Last year we had 520 TOT's. Older, residential neighborhood, close to two main streets that see a lot of traffic. They come by the car load at times.


----------



## kevin242 (Sep 30, 2005)

We get hundreds of ToTs. Most are on their best behavior (some are a big pain in the *ss) We get more every year, some people come from miles away...


----------



## spideranne (Jul 17, 2006)

I'm in typical suburbia with a corner house. The first year we got about 20, but I barely had any decorations out because we'd only moved in 2 weeks before. The next year I added a graveyard and got about 35. Last year I added boarded up windows, lighting and fog - we jumped to 75. I'm planning for at least 100 this year as it seems the more I add the more TOT I get.


----------



## SkullAndBone (Sep 21, 2005)

We hover around 300 or so..


----------



## Eric Striffler (May 6, 2006)

A few thousand per night


----------



## c6gunner (Oct 9, 2007)

Holy cow! great stuff.....eventually I guess the numbers will grow!

C


----------



## CreepyCanmore (Mar 27, 2007)

Out here in frigid Alberta, we got just over 100 last year, but it was -20C and parent drove their kids over when their friends had called them. I always over budget the candy and buy it the day of or just before when it's half price.


----------



## Moon00 (Oct 7, 2007)

Last year we got probably around 80 people, it was our first haunt since moving to where I live now so I'm interested in seeing if the numbers will grow once more people know about us. Where I use to live before we moved we would get close to or slightly over 200 TOT's and the numbers would grow each year, kids would remember the house and bring their friends etc. 
I've noticed that the weather here tends to have a lot to do with how many people we get as well, if it's very cold or rainy we don't get nearly as many people.


----------



## Eric Striffler (May 6, 2006)

Man you guys need to get some advertising out!
We have signs all over and our haunt gets a few thousand visitors PER NIGHT!

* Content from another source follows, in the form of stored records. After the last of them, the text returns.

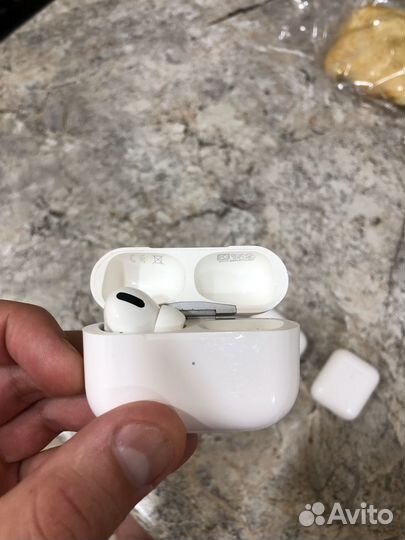 Наушники apple airpods 2/3/pro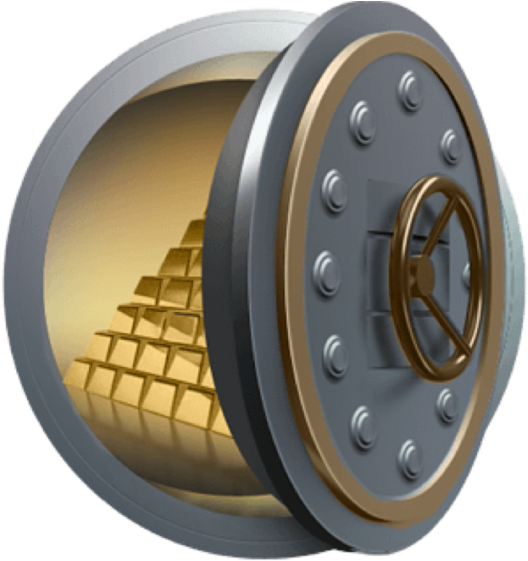 This Png File Is About Bank , Vault - Bank Account Png (600x560), Png Download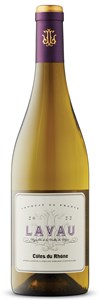 Lavau Côtes du Rhône Blanc 2022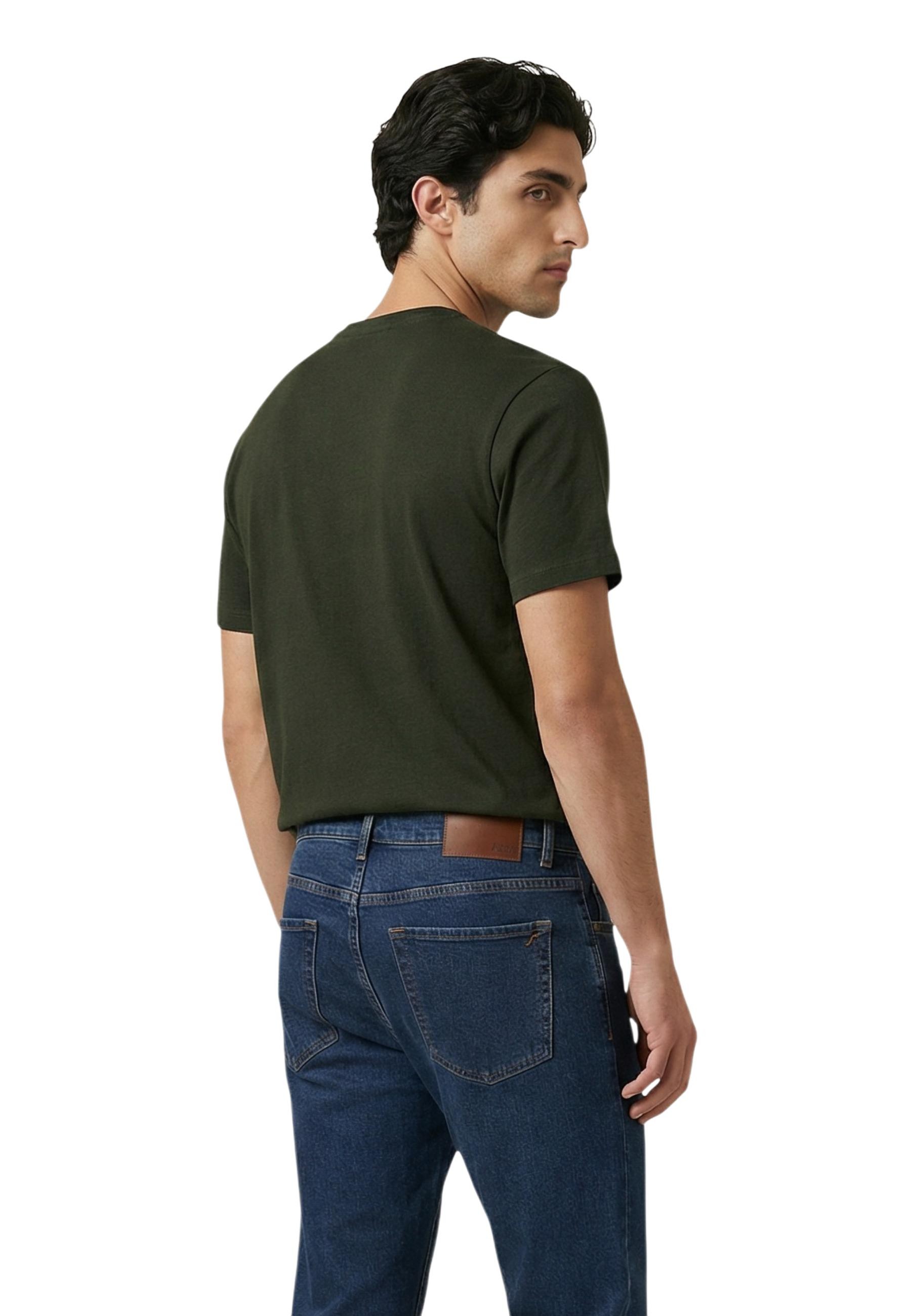 Tommy Hilfiger Jeans Men T-Shirt
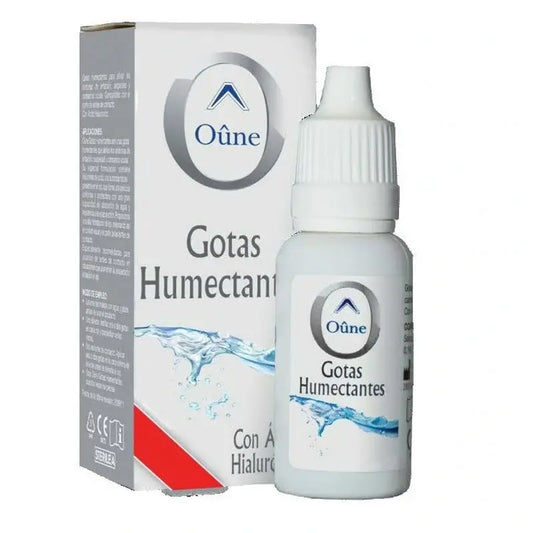 Oune Colírio Hidratante para os Olhos, 15 ml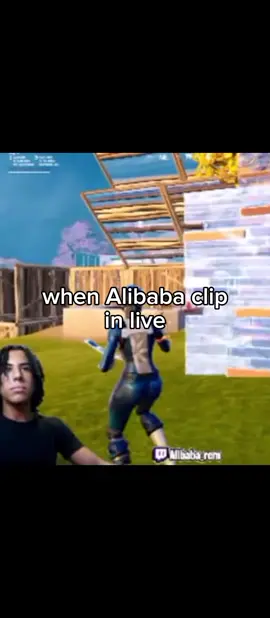 Alibaba prime#CapCut #fyp #pourtoi #fortnite @Alibaba 💫 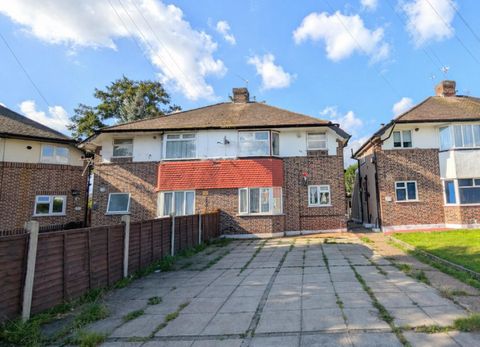 Elmcroft Close, Feltham TW14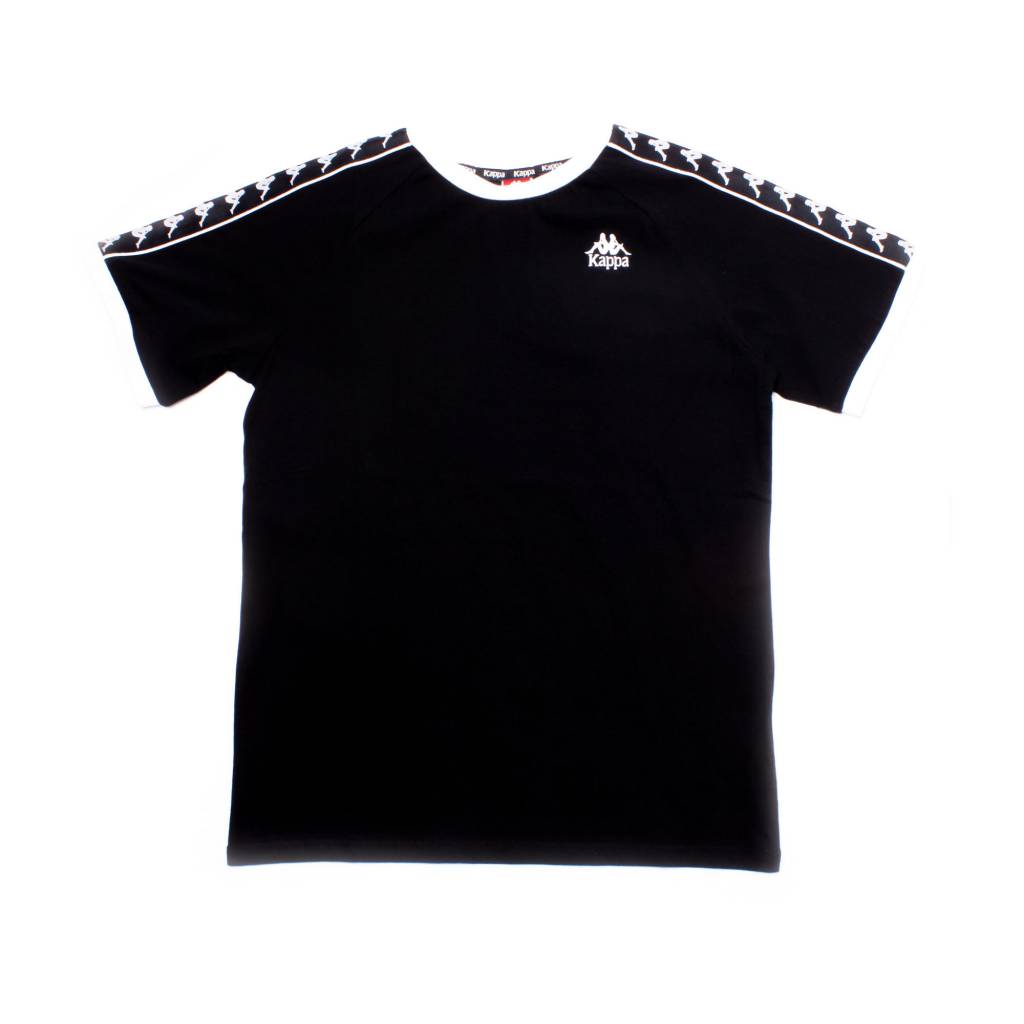 kappa-kappa-authentic-autin-tape-tee-black-white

It must be all about advertising.


----------



## nicole (Aug 12, 2006)

Last year we got almost 900 TOTers. We live in a small town of only about 500 and we are surrounded all around by farmland. Alot of people come in from the surrounding areas. It also helps that my street is probably the longest stretch of residential street in town. From 6 to 8 it is nonstop. I do a display also so we get alot of gawkers.


----------



## THeme ssaGE (Jul 16, 2006)

Last year The Haunted Manner had over 1000 on Halloween.


----------



## Northern Touch (Nov 8, 2006)

ya we usally see about 500 on Halloween and about 150 friends/family on devil's night....


----------



## slightlymad (May 25, 2006)

we plan for 400


----------



## pyro (Oct 7, 2006)

Well In The Past I'd Be Lucky To Get 20-25 But Last Year With My Display I Got 120 So It May Be More ........ Aw Crap I Need More Candy


----------



## fg4432 (Sep 18, 2007)

Last year was the 1st haunt I did. Big white canopy sitting in driveway and used part of the garage with black lights in 3 fixtures and me sitting in front. Not that spectacular as far as a curb "fright" appeal, but I would venture to say we had 75. I too was thinking about advertising, however, until I really build up manpower to really put on a good show I am hesitant to do more than just H-night. 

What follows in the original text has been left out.